Then the reconciliation. Listening out of a fog of misery, Starmer acknowledged Martin did it well.

"Before the beginning of years
There came to the making of man
Time with a gift of tears,
Grief with a glass that ran.
Pleasure with pain for leaven,
Summer with flowers that fell..."

She listened with closed eyes. Perhaps the words did work magic for her, some kind of hope or healing.

"To every thing there is a season,
and a time to every purpose under the heaven:
A time to be born, and a time to die."

There was no magic for Starmer. He thought of another scrap of old verse, and wanted to shout it:

"Do not go gentle... rage, rage against the dying of the light..."

But that was not in the ritual. The last duty of a Counsellor was the bringing of peace, acceptance, resignation. He forced himself to keep silence. This had to be endured because she had required it. Soon it would be over, and they would be together again, and alone, if only for a brief time. And every second of that time was worth a day, a year, of the stunted life that waited for him, so near and so unwanted.

Then in mid passage Martin checked. Starmer saw her gaze was fixed.

"Rest in peace, sister," Martin said.

"Don't be a fool!" Starmer said. "She's not dead."

Martin made the farewell gesture. He said gently:

"She's dead, Michael."

He saw it was true. He had always prided himself on a stoical acceptance of realities, and knew he must accept this too. The overwhelming bitterness lay in being cheated of that little time together, those minutes he had counted on. He said:

"At the end.. .she was looking at you, not me."

"Close her eyes," Martin said.

Her flesh was warm to his fingers. When he had done it he looked down at her in silence. Martin said:

"Go to bed. A pill -- two. Three maybe. Leave everything to me."

"No." With an effort, he looked at the Counsellor. "You can go now."

"It's finished," Martin said. "There's a body there, that's all. There are necessary things to do, and I'm accustomed to them."

"I'll see to it. Everything."

"It's not usual. Or wise."

"Leave us."

Martin shrugged. "If you wish. I'll return in the morning."

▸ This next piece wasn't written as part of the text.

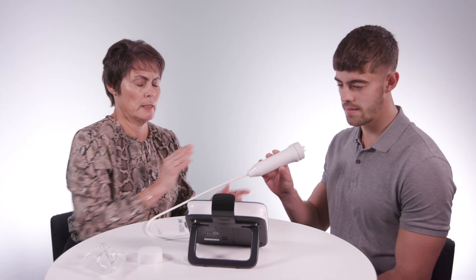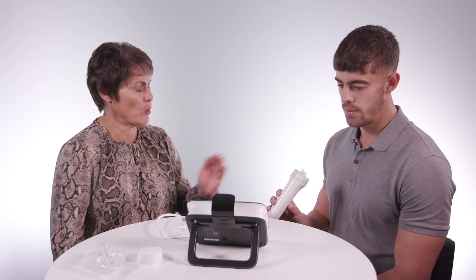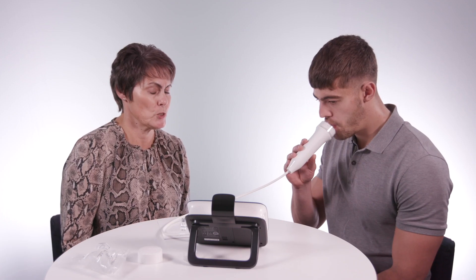We've got a nice clean mouthpiece on the top for you, and I'm going to pass you the breathing handle. So, as I say, three easy steps. First thing you're going to do is breathe all the way out and then pop that in your mouth for me. That's good. Breathe all the way in — you can see the orange light lighting up along the bottom. Just let your lungs fill. That's it. Start to blow out.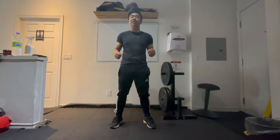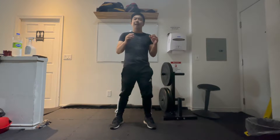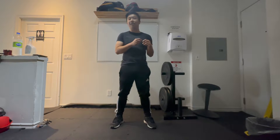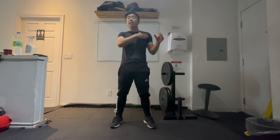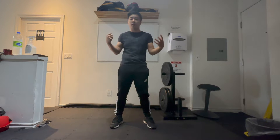Hey guys, Min here. Welcome back to Your House Minus. Today we're going to go over the muscle called the coracobrachialis. It's a small muscle, not often primarily trained, but does provide a lot of stability to the arms and also gives a little bit of an aesthetic appearance if you're looking for big arms.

"No. I don't want you. Or anyone."

"Your neighbours will want to come."

"No-one. Tell them no-one."

"Her friends have a right to mourn her."

"I'm not stopping them."

"In company; with you. Grief needs expression, and is best shared. That has always been understood. And there's a grave to be dug."

"I'll dig it."

"It is the custom..."

"Customs are not laws. Are they?"

"No. But you need help."

"I'll be judge of that."

Martin shrugged. "I'll arrange to have a digger sent."

"Not necessary."

"There must be a burial, you know. That is the law. Burial or incineration."

"I'll bury her."

"Without a digger?"

"Yes."

"That, won't be easy. You're not a young man."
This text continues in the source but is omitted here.